IDEaS 2025 Speakers

Defence Excellence

Eurocontrol logo

Major General Karsten Stoye

Major General Karsten Stoye

Head of Civil-Military Cooperation
Military Advisor to the Director General

EUROCONTROL Civil-Military Cooperation Division
Brussels, Belgium

Opening remarks: Challenges of AI in an ATM environment

Bio: Major General Karsten Stoye assumed his position as Head of Civil-Military Cooperation and Military Advisor to the Director General at Eurocontrol after his previous assignment as Chief of Staff at NATO’s Headquarters Allied Air Command at Ramstein Air Base, on 1 October 2021.

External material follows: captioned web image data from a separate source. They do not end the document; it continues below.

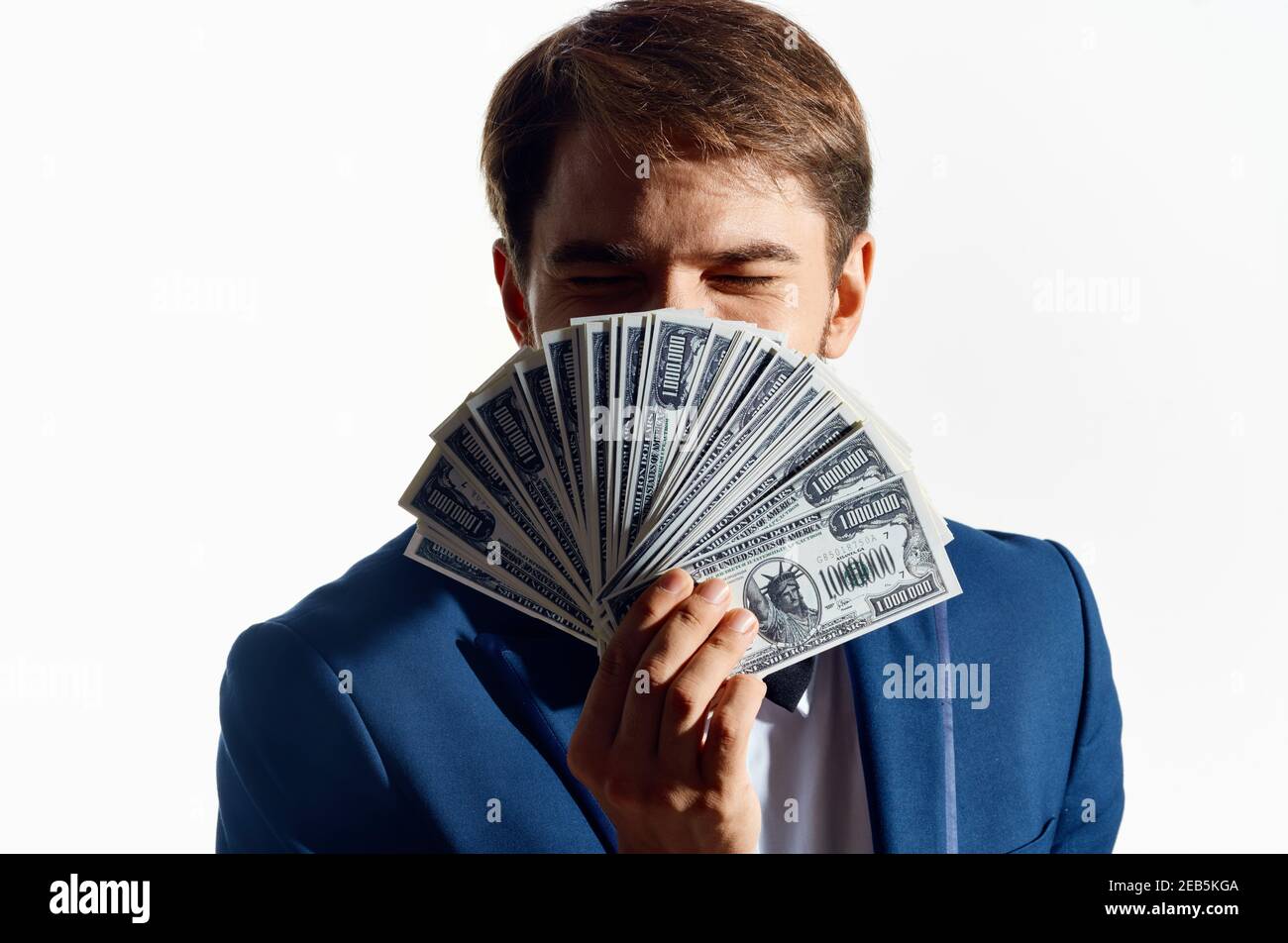 Reicher Mann mit einem Bündel Geld in der Hand Und ein klassischer Anzug auf weißem Hintergrund Stockfoto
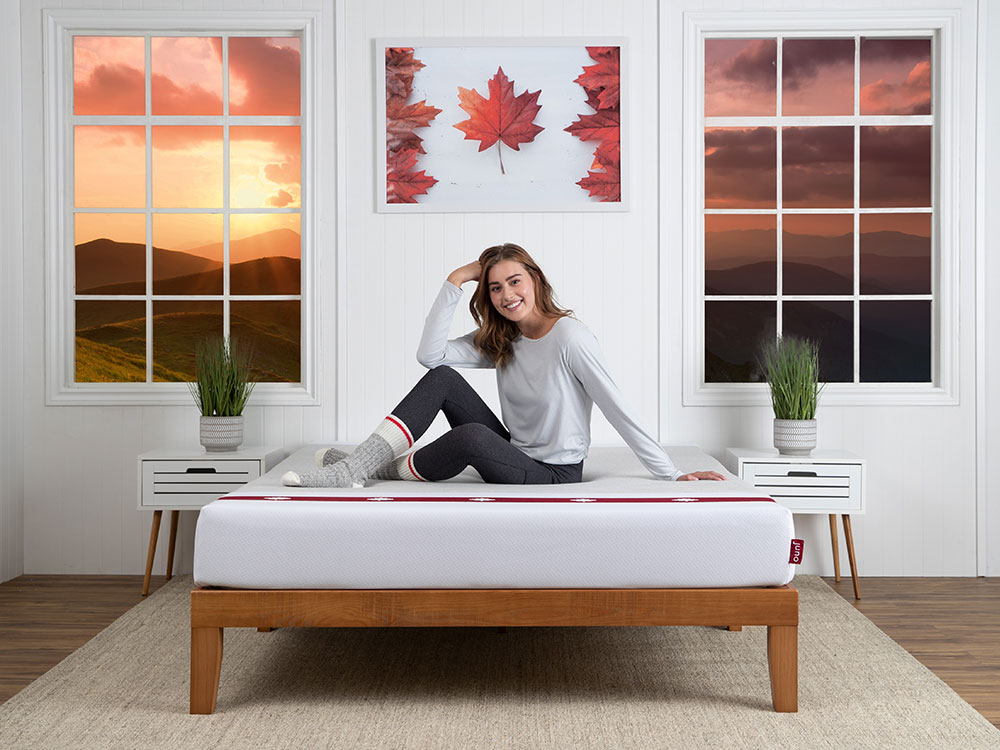 Woman in her bedroom, sitting on the Juno mattress and smiling at the camera. There is an image of the Canadian flag framed and hanging above her bed.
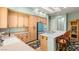 Spacious kitchen with light wood cabinets, island, and teal refrigerator at 2563 Collinsville Dr, Henderson, NV 89052
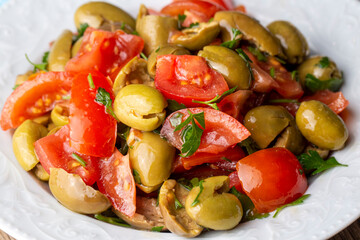 Gourmet flavors from traditional Turkish cuisine; green olive salad (Turkish name; Kirma yesil...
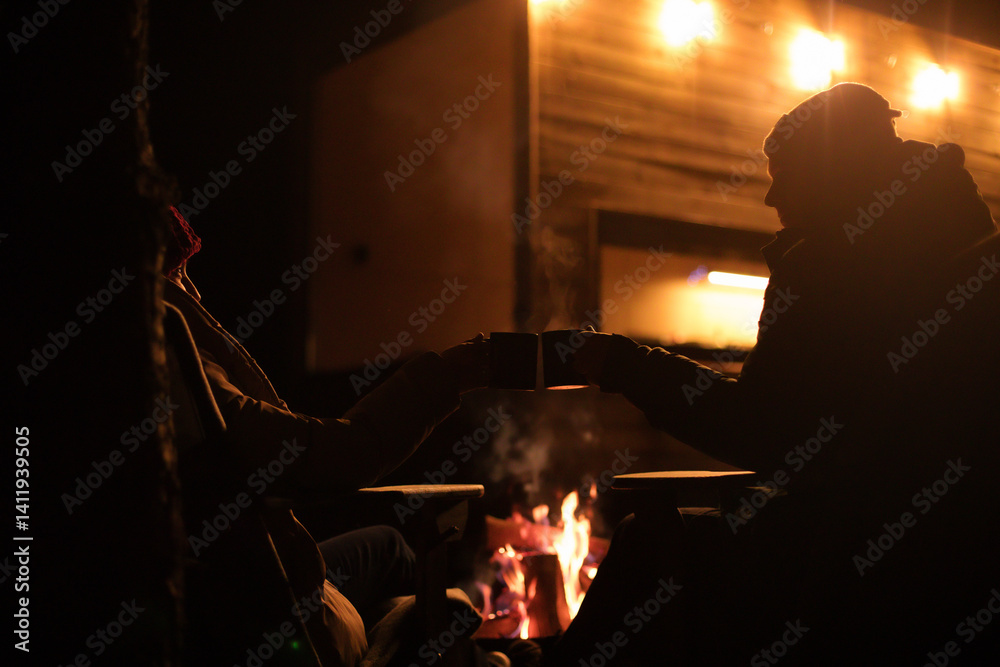 A cozy nighttime scene of two people sitting by a fire, clinking mugs in celebration. Warm lighting, steam rising from the cups, and a peaceful outdoor atmosphere create a relaxing vibe.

After studying economics and administrative science at the University of the German Federal Armed Forces in Hamburg, General Stoye has served in various operational and staff positions. As a senior operations officer and command pilot in the Tactical Reconnaissance Wing 51 ‘Immelmann’, he contributed from 1995 to 1996 to the United Nations and NATO missions during the conflict in the Former Yugoslavia. In 1998 he graduated from the Command and General Staff Officer Course at the Federal Armed Forces Command and Staff College in Hamburg.

Until 2000, General Stoye served as a Branch Chief at the NATO Combined Air Operations Centre 4 (CAOC 4) in Messstetten, Germany, where he was responsible for training and exercises. In 1999 he contributed to the NATO Operation in Kosovo as Chief Air Task Order Planner at the Balkan CAOC in Vicenza.

Dr. Ming Hou

Principal Advisor to NATO Chief Scientist Office,

Co-Chair NATO Human-Autonomy Teaming Specialist Team (HATST)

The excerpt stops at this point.